Comment by rajaravivarma_r
1 month ago
The one use case where a DB backed queue will fail for sure is when the payload is large. For example, you queue a large JSON payload to be picked up by a worker and process it, then the DB writing overhead itself makes a background worker useless.
I've benchmarked Redis (Sidekiq), Postgres (using GoodJob) and SQLite (SolidQueue), Redis beats everything else for the above usecase.
SolidQueue backed by SQLite may be good when you are just passing around primary keys. I still wonder if you can have a lot of workers polling from the same database and update the queue with the job status. I've done something similar in the past using SQLite for some personal work and it is easy to hit the wall even with 10 or so workers.
In my experience you want job parameters to be one, maybe two ids. Do you have a real world example where that is not the case?
I'm guessing you're with that adding indirection for what you're actually processing, in that case? So I guess the counter-case would be when you don't want/need that indirection.

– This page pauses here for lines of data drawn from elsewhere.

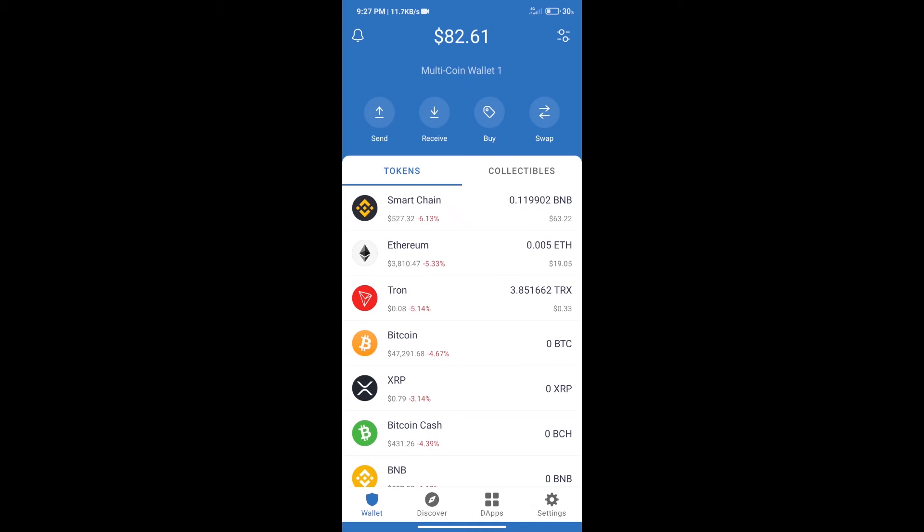Hello guys, today we will tell you how to buy Helmet in CO token on Trust Wallet. Firstly, we will purchase BNB Smart Chain.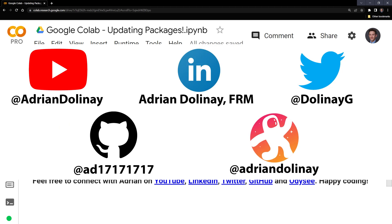If you like the video feel free to like and subscribe. You can also connect with me on LinkedIn, Twitter, GitHub, and Odyssey. Thanks again everyone for watching and happy coding.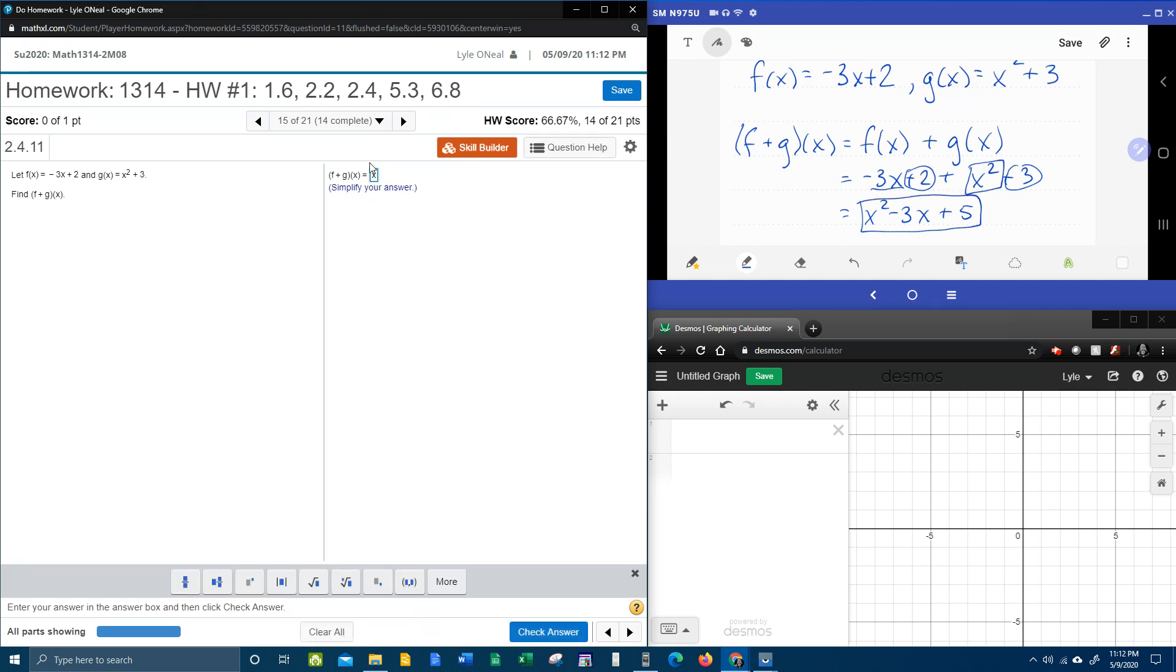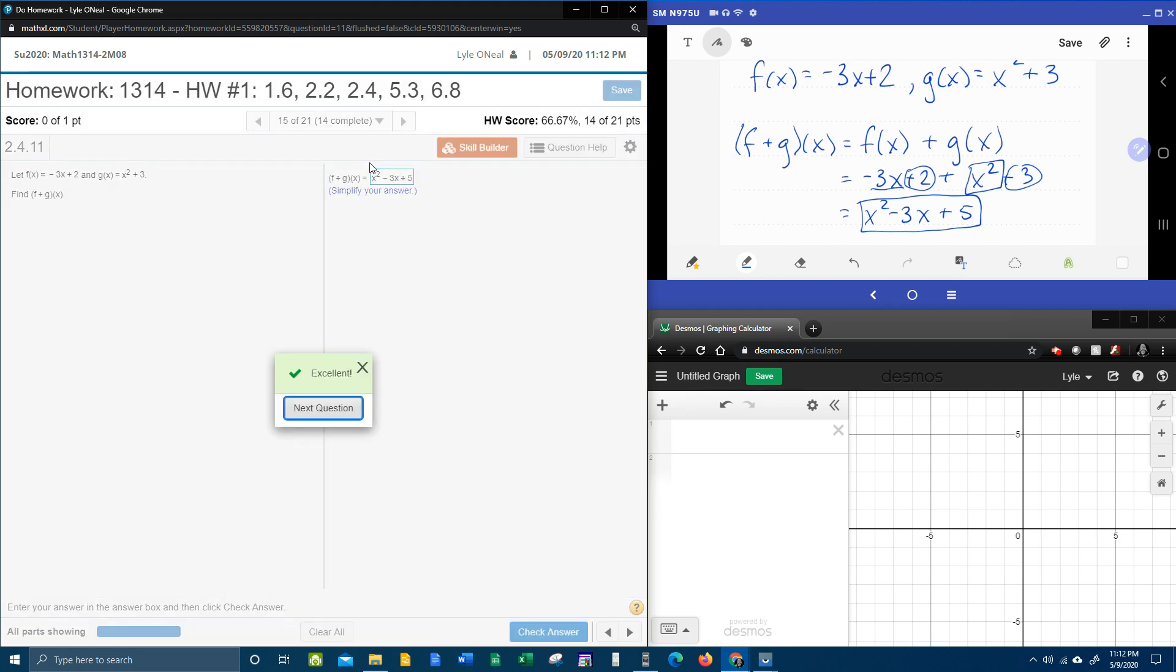So x squared minus 3x plus 5, and that's all there is. I hope that was helpful. If you have any questions or comments feel free to put them in the comment section below or you can text me. And thanks for watching.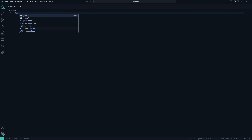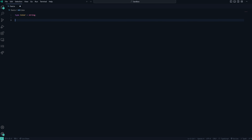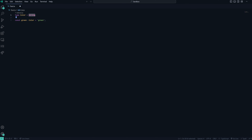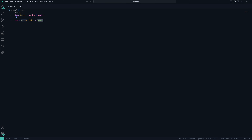We can use the type keyword to create a new type alias in TypeScript. For example, we can create a type called color that is equal to a string, and then use this with a variable by saying const green of type color equals 'green'. We can also use type unions where a type could be one or more different types — for example, color could be a string or a number, allowing us to assign either a string like 'green' or a number like five.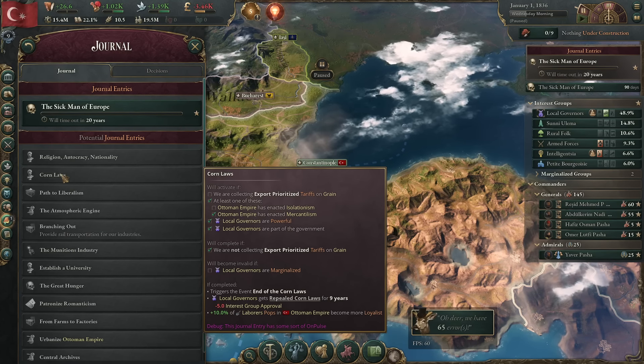But if you're only playing the UK over and over again, then you can skip this video. What do you have to do to meet the requirements? It says at least one of these: isolationism or mercantilism. But you can't actually set tariffs on goods under isolationism, so really you have to be in mercantilism, because you do need to have export-prioritized tariffs on grain, which we will do momentarily.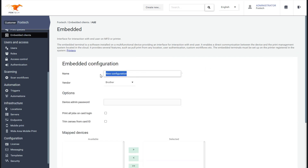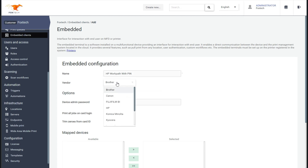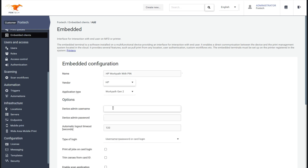Give the Embedded Profile a name. Select HP as a vendor and ensure it stays on WorkPath Gen 2.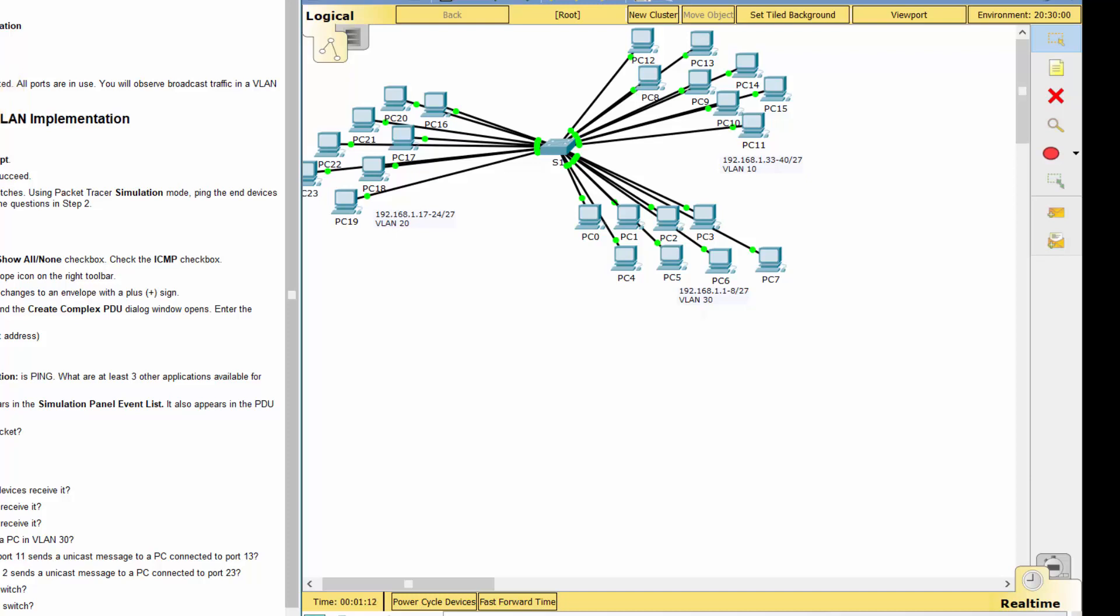On PC0, ping to the IP address of 192.168.1.8 command, and the ping should succeed.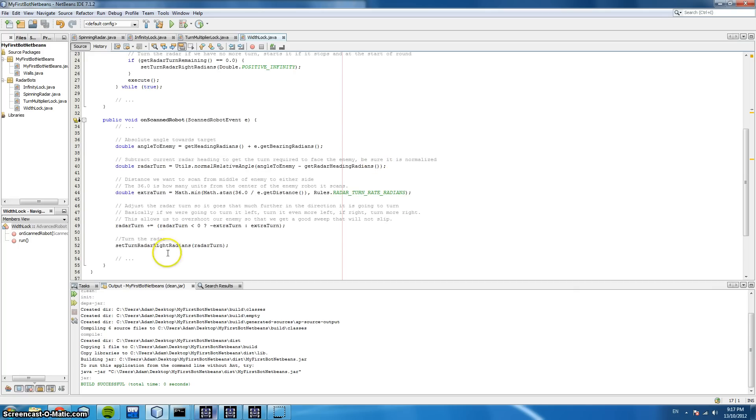Now this code, you can see all the comments in detail on the Robocode wiki, but let's have a look at it in action.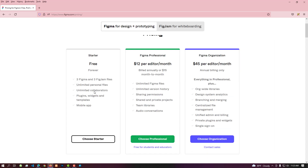We can see the details of each package from the package block. The professional package is completely free for students — for that, a student has to provide valid student information to the Figma authority.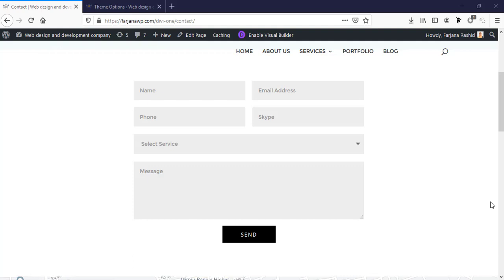Hi, this is Farjana. In this quick tutorial, I will show you how we can make our contact form submit button center-aligned in Divi theme. In Divi form, by default, we can see the contact form button is right-aligned.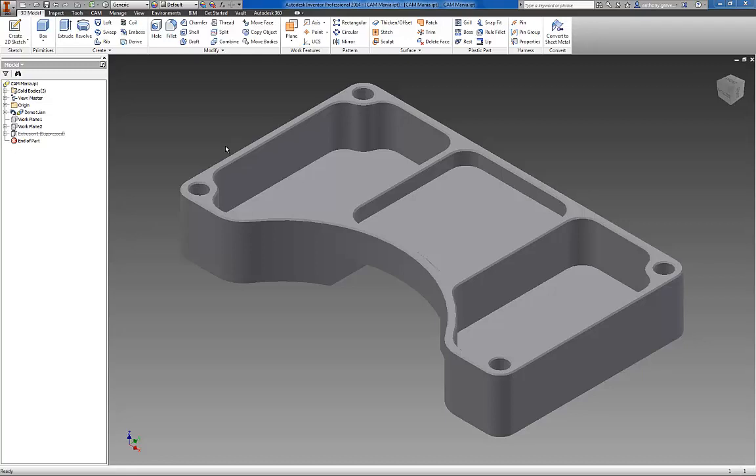Hi, this is Anthony Graves, Product Manager for CAM here at Autodesk with a preview of our very first CAM solution for Inventor users, Inventor HSM Express.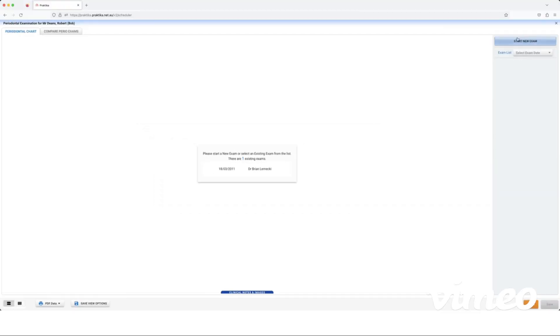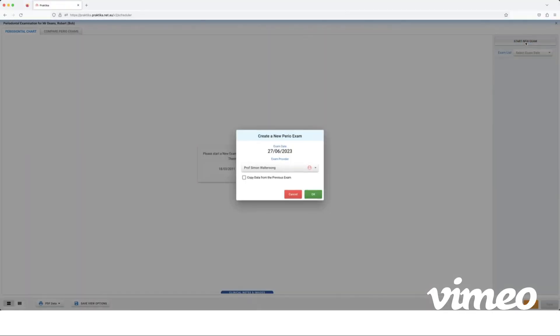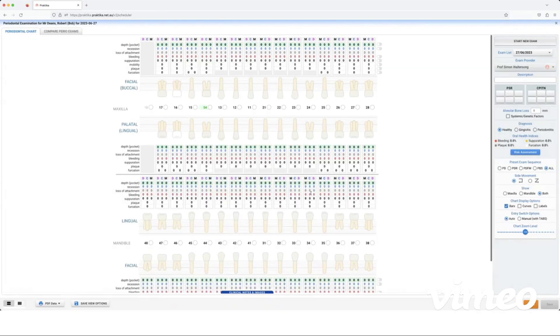Otherwise I can start a new exam from the top right. We're going to start a new exam. I have the option to copy data from the previous exam if I want to, otherwise I can just start a completely blank chart which I'm going to do. Before we start charting we have a few view options that we can change here.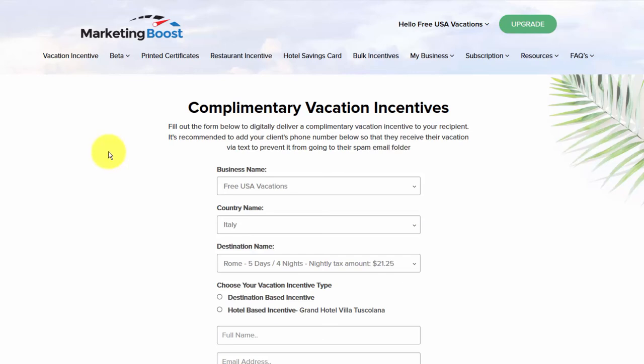Marketing Boost is an awesome platform that every business should be using. You can use it to run promotions and giveaways, encourage customers to use your services, buy your products, or even get on your email list. It's really simple and straightforward. There is a link below this video — go and visit the Marketing Boost website right now.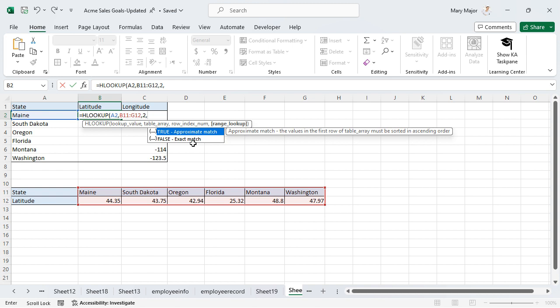To return approximate matches, select TRUE. To return exact matches, select FALSE.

If I understand what you're saying, is that you'll instead of doing:
- Create job with payload (maybe big) > Put in queue > Let worker take from queue > Done
You're suggesting:
- Create job with ID of payload (stored elsewhere) > Put in queue > Let worker take from queue, then resolve ID to the data needed for processing > Done
Is that more or less what you mean? I can definitively see use cases for both, heavily depends on the situation, but more indirection isn't always better, nor isn't big payloads always OK.
If we take webhook for example.
- Persist payload in db > Queue with id > Process via worker.
Push the payload directly to queue can be tricky. Any queue system usually will have limits on the payload size, for good reasons. Plus if you already commit to db, you can guarantee the data is not lost and can be process again however you want later. But if your queue is having issue, or it failed to queue, you might lost it forever.
3 replies →
> I can definitively see use cases for both
Me too, I was just wondering if you have any real world examples of a project with a large payload.
I have been doing this for at least a decade now and it is a great pattern, but think of an ETL pipeline where you fetch a huge JSON payload, store it in the database and then transform it and load it in another model. I had an use case where I wanted to process the JSON payload and pass it down the pipeline before storing it in the useful model. I didn't want to store the intermediate JSON anywhere. I benchmarked it for this specific use case.
...well, that's good for scaling the queue, but this means the worker needs to load all relevant state/context from some DB (which might be sped up with a cache, but then things are getting really complex)
ideally you pass the context that's required for the job (let's say it's less than 100Kbytes), but I don't think that counts as large JSON, but request rate (load) can make even 512byte too much, therefore "it depends"
but in general passing around large JSONs on the network/memory is not really slow compared to writing them to a DB (WAL + fsync + MVCC management)
> Redis beats everything else for the above usecase.
Reminds me of Antirez blog post that when Redis is configured for durability it becomes like/slower than postgresql http://oldblog.antirez.com/post/redis-persistence-demystifie...
May be, but over 6 years of using Redis with bare minimum setup, I have never lost any data and my use case happens to be queuing intermediate results, so durability won't be an issue.
There's been 6 major releases and countless improvements on Redis since then, I don't think we can say whether it's still relevant.
Also, Antirez has always been very opinionated on not comparing or benchmarking Redis against other dbs for a decade.
> The one use case where a DB backed queue will fail for sure is when the payload is large. For example, you queue a large JSON payload to be picked up by a worker and process it, then the DB writing overhead itself makes a background worker useless.
redis would suffer from the same issue. Possibly even more severely due to being memory constrained?
I'd probably just stuff the "large data" in s3 or something like that, and just include the reference/location of the data in the actual job itself, if it was big enough to cause problems.
Interesting, as a self-contained minimalistic setup.
Shouldn't one be using a storage system such as S3/garage with ephemeral settings and/or clean-up triggers after job-end ? I get the appeal of using one-system-for-everything but won't you need a storage system anyway for other parts of your system ?
Have you written up somewhere about your benchmarks and where the cutoffs are (payload size / throughput / latency) ?
FWIW, Sidekiq docs strongly suggest only passing around primary keys or identifiers for jobs.
Using Redis to store large queue payloads is usually a bad practice. Redis memory is finite.
this!! 100%.
pass around ID's